• _Your assignment_: Reproduce nothing beyond the line containing "Рюкзак Neon yellow". From the first line of the data below down to it, copy each line exactly, without the pictures.

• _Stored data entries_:
===============

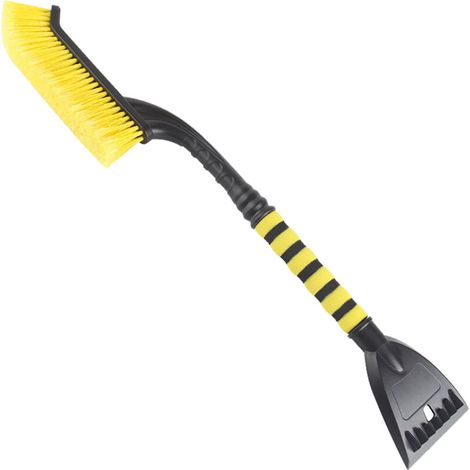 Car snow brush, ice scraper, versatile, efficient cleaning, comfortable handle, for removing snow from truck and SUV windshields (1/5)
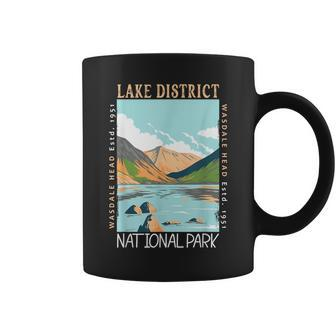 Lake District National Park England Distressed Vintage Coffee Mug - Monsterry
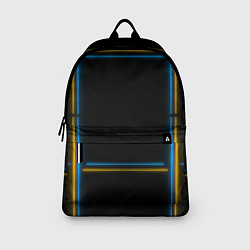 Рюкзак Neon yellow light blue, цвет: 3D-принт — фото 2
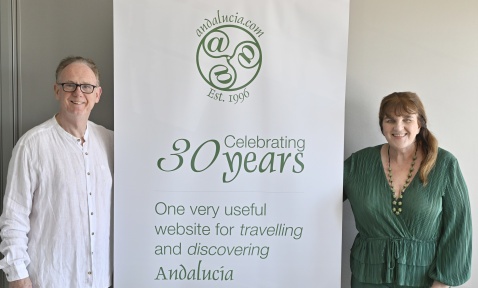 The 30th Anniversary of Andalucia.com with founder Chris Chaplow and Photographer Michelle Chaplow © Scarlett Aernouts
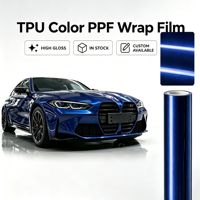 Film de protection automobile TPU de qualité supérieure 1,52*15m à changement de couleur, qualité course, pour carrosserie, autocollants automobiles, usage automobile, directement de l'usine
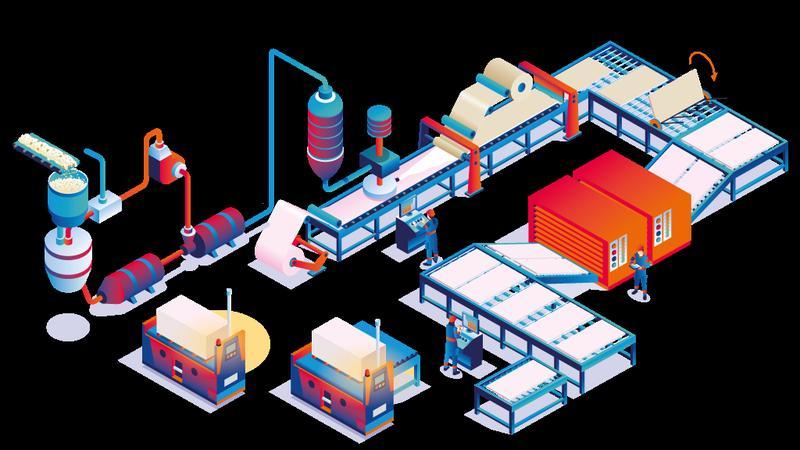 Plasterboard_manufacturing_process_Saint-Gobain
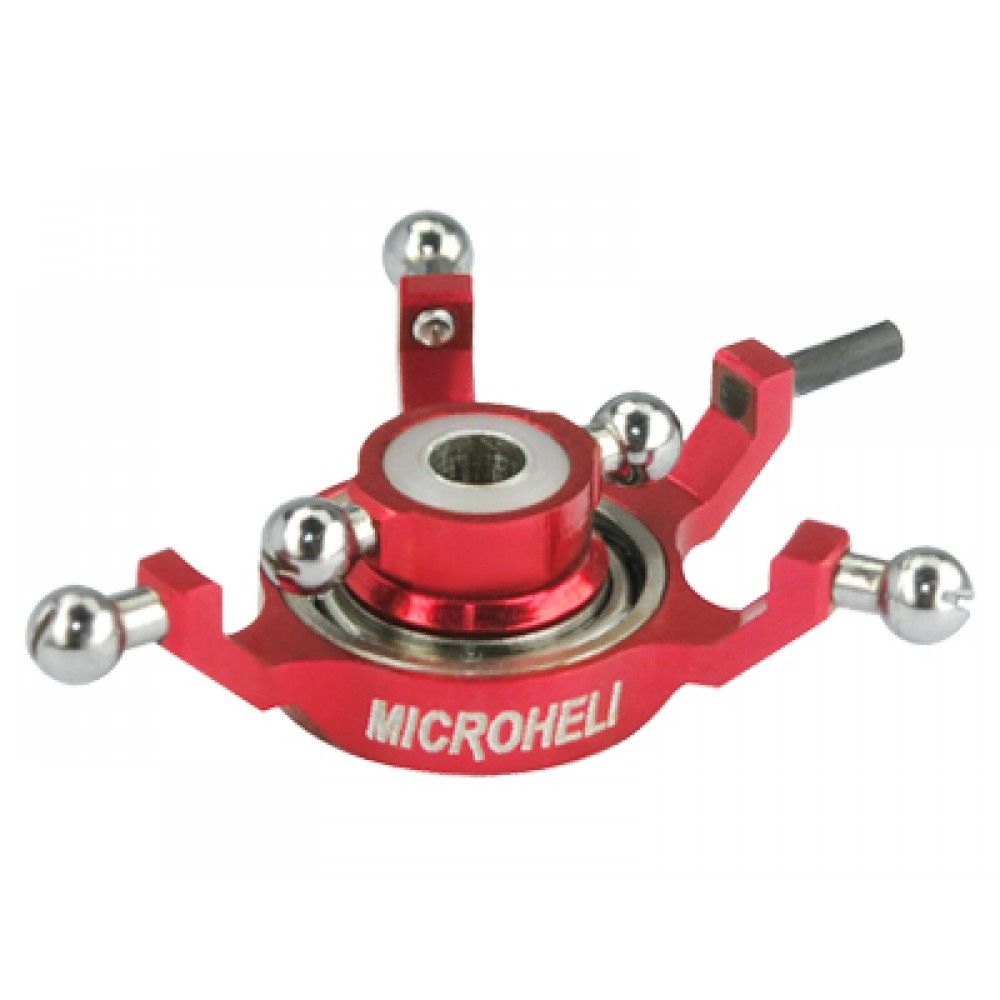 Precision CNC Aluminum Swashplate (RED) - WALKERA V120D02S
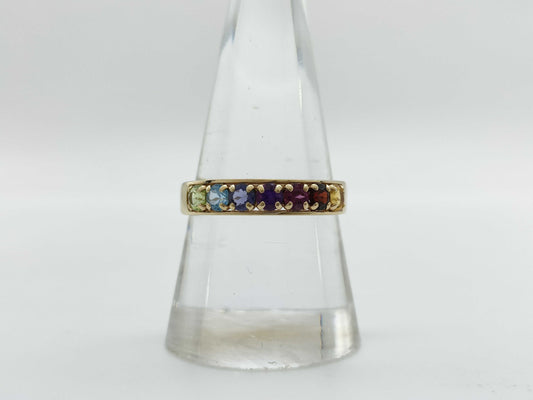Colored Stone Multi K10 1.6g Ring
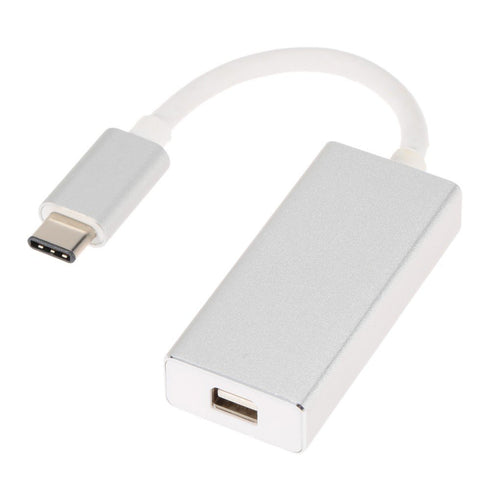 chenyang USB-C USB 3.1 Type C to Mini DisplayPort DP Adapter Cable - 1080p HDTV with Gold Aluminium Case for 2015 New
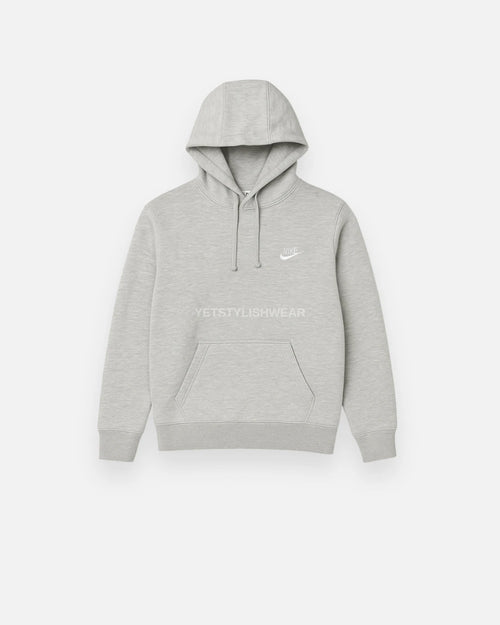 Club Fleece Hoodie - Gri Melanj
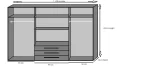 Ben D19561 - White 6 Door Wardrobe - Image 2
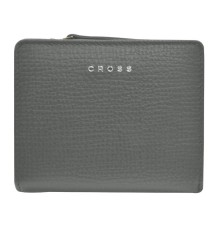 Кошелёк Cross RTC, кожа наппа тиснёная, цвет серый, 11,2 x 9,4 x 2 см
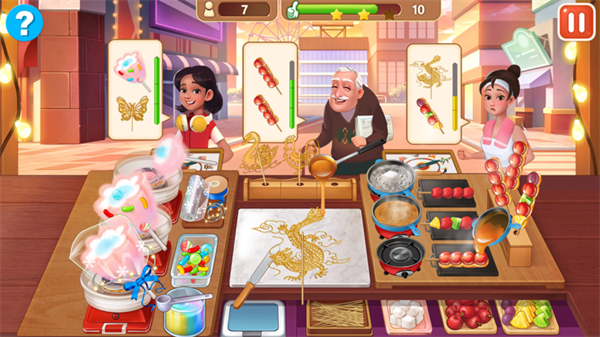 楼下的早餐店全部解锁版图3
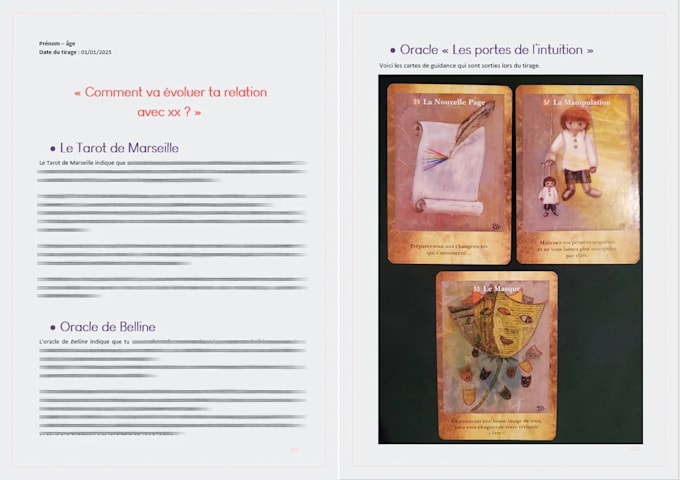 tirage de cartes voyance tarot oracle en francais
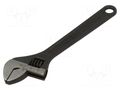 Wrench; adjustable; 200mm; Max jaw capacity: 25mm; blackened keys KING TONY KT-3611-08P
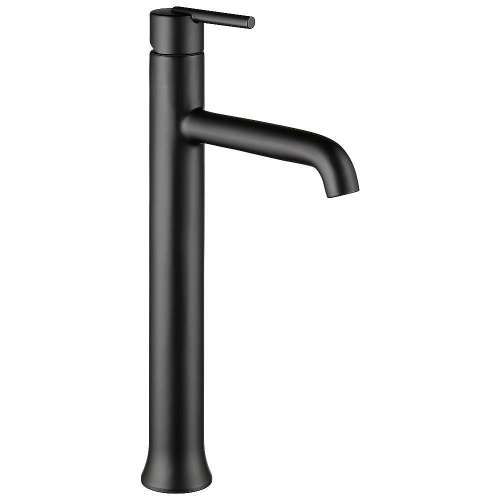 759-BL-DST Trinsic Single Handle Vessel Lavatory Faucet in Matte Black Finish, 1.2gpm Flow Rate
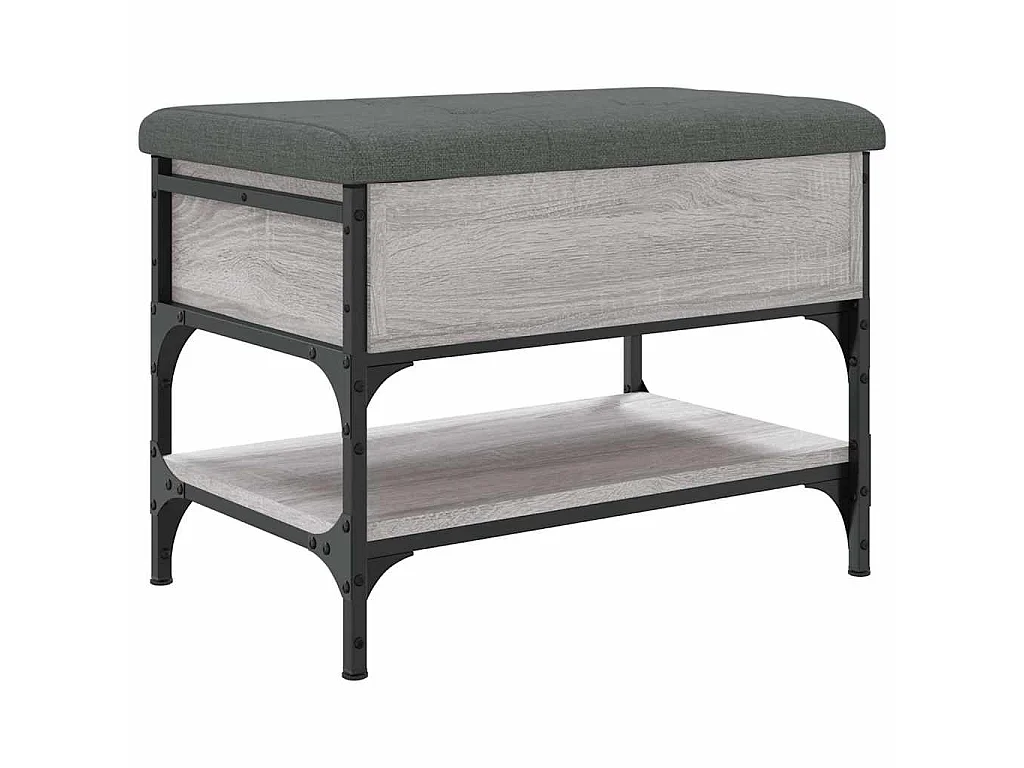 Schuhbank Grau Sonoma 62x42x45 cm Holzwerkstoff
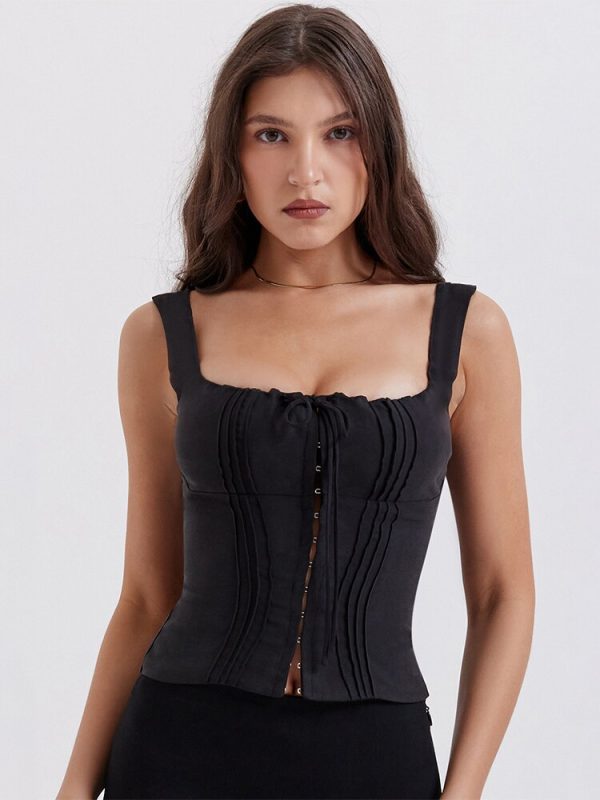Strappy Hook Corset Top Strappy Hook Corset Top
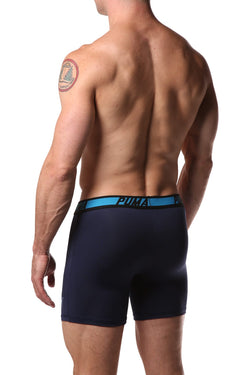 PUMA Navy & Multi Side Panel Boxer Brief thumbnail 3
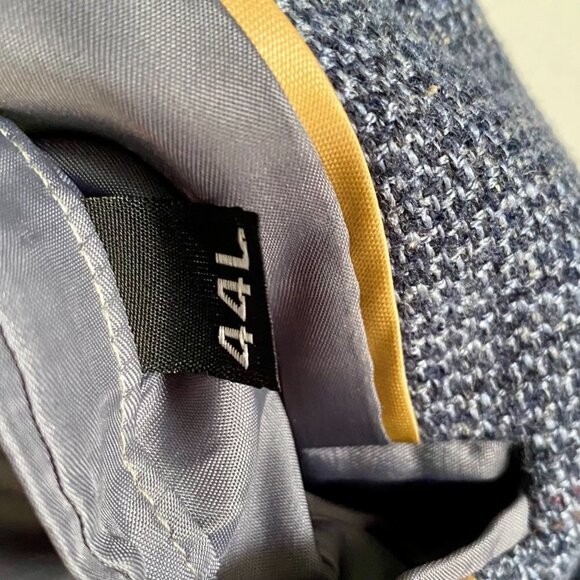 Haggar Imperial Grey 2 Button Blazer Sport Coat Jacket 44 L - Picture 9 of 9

===============

• _Task answer_:
 Car snow brush, ice scraper, versatile, efficient cleaning, comfortable handle, for removing snow from truck and SUV windshields (1/5)
 Lake District National Park England Distressed Vintage Coffee Mug - Monsterry
 Рюкзак Neon yellow light blue, цвет: 3D-принт — фото 2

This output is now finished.